I am glossing over all the interesting hard parts, of course. But still, is there anything fundamentally different about manipulating the expected state of knowledge of your future-self from manipulating any other part of reality?
Interesting question. Not quite what I was getting at. I hope you don’t mind if I use a situation where extra processing can get you more information.
A normal decision theory can be represented as simple function from model to action. It should halt.
decisiontheory :: Model → Action
Lets say you have a model that you can keep on expanding the consequences of and get a more accurate picture of what is going to happen, like playing chess with a variable amount of look ahead. What the system is looking for is a program that will recursively self improve and be Friendly (where making an action is considered making an AI).
It has a function that can either carry on expanding the model or return an action.
modelOrAct :: Model → Either Action Model
You can implement decisiontheory with this code
decisiontheory :: Model → Action
decisiontheory m = either (decisionModel) (id) (modelOrAct m)
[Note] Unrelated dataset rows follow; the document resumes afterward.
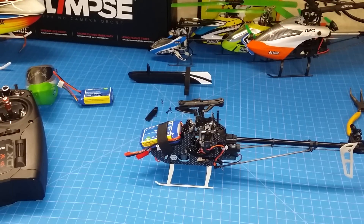Hey guys, Mario here again. I just wanted to do the calibration for the 180 CFX on the Castle Creations ESC. So let's get started.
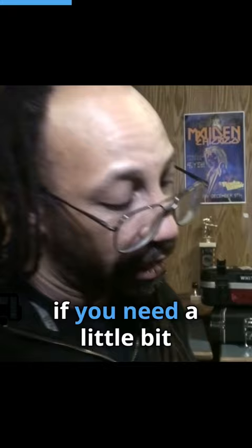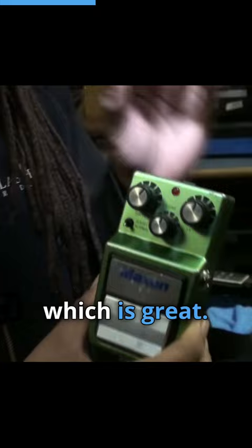This pedal, I like it a lot because depending on what the room sounds like, what your amp sounds like, if you need a little bit more gain, you got this little boost — almost like a tube screamer, but this thing's got a lot more balls than that, which is great.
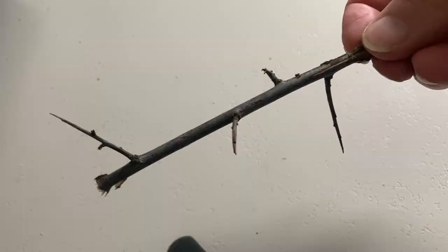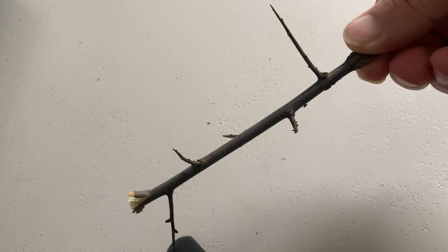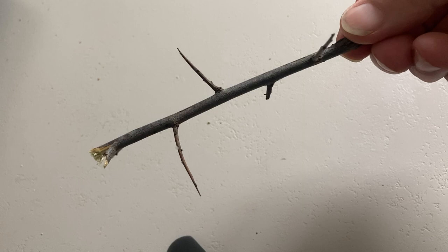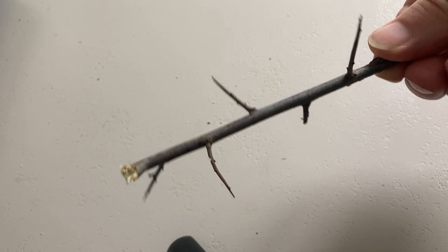This is the blackthorn I picked up when I was out walking. This is what we're going to use to split the skins on any sloes that haven't split during the bletting process in the freezer. Why am I using this? Because it's traditional. The sloes grow on the blackthorn tree, so why not use the actual thorns of the blackthorn? It's what people used to do in the olden days.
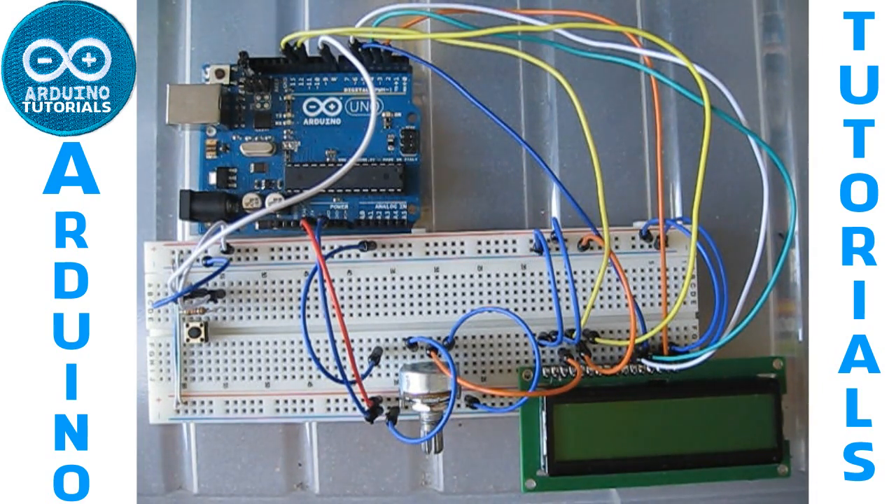Hello everyone, this is Tutorials Arduino. Today we are going to see how to build a stopwatch using an Arduino. So what we need for this project is:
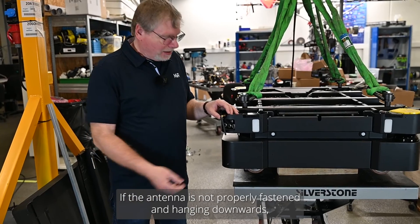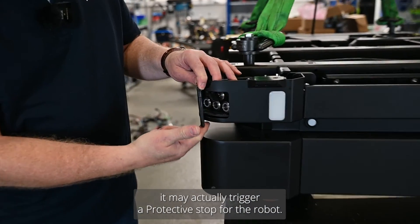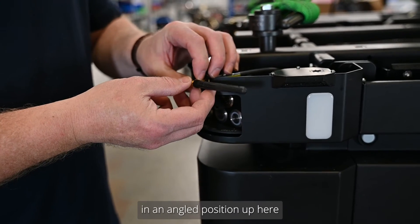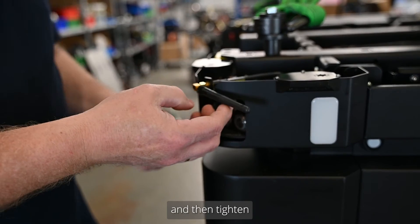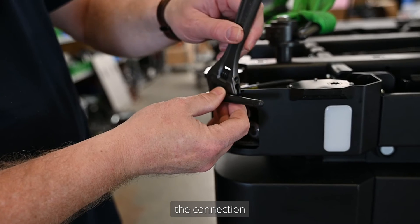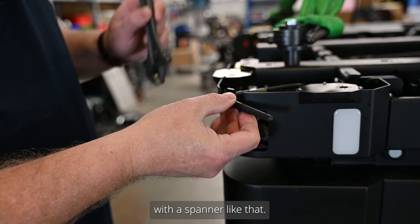If the antenna is not properly positioned and hangs straight downwards, it may actually trigger a protective stop for the robot. So ensure that it's in an angled position up here, and then tighten the connection with a spanner.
However this has the potential to infinite loop due to its recursive definition. This would happen if the expected utility of increasing the accuracy of the model is greater than performing an action and there is no program it can prove safe. You would want some way of interrupting it to update the model with information from the real world as well as the extrapolation.
So I suppose the difference in this case is that due to making a choice on which mental actions to perform you can get stuck not getting information from the world about real world actions.
No, the model of the world you have can not dominate the DT or, for that matter, do anything at all. There must be a decision theory either explicit or implicit in some action generating algorithm that you are running. Then it is just a matter of how much much effort you wish to spend developing each.
A Decision Theory doesn’t make you naive or impractical. Deciding to look for more information is just a good decision.
I spoke imprecisely. I meant that the part of the program that generates the model of the world dominates the DT in terms of what action is taken. That is; with a fixed DT you can make it perform any action dependent upon what model you give it. The converse is not true as the model constrains the possible actions.
I think in terms of code and Types. Most discussions of DTs don’t have discussions of feeding back the utilities to the model making section, so I’m assuming a simple type. It might be wrong, but at least I can be precise about what I am talking about. See my reply to Sebastian.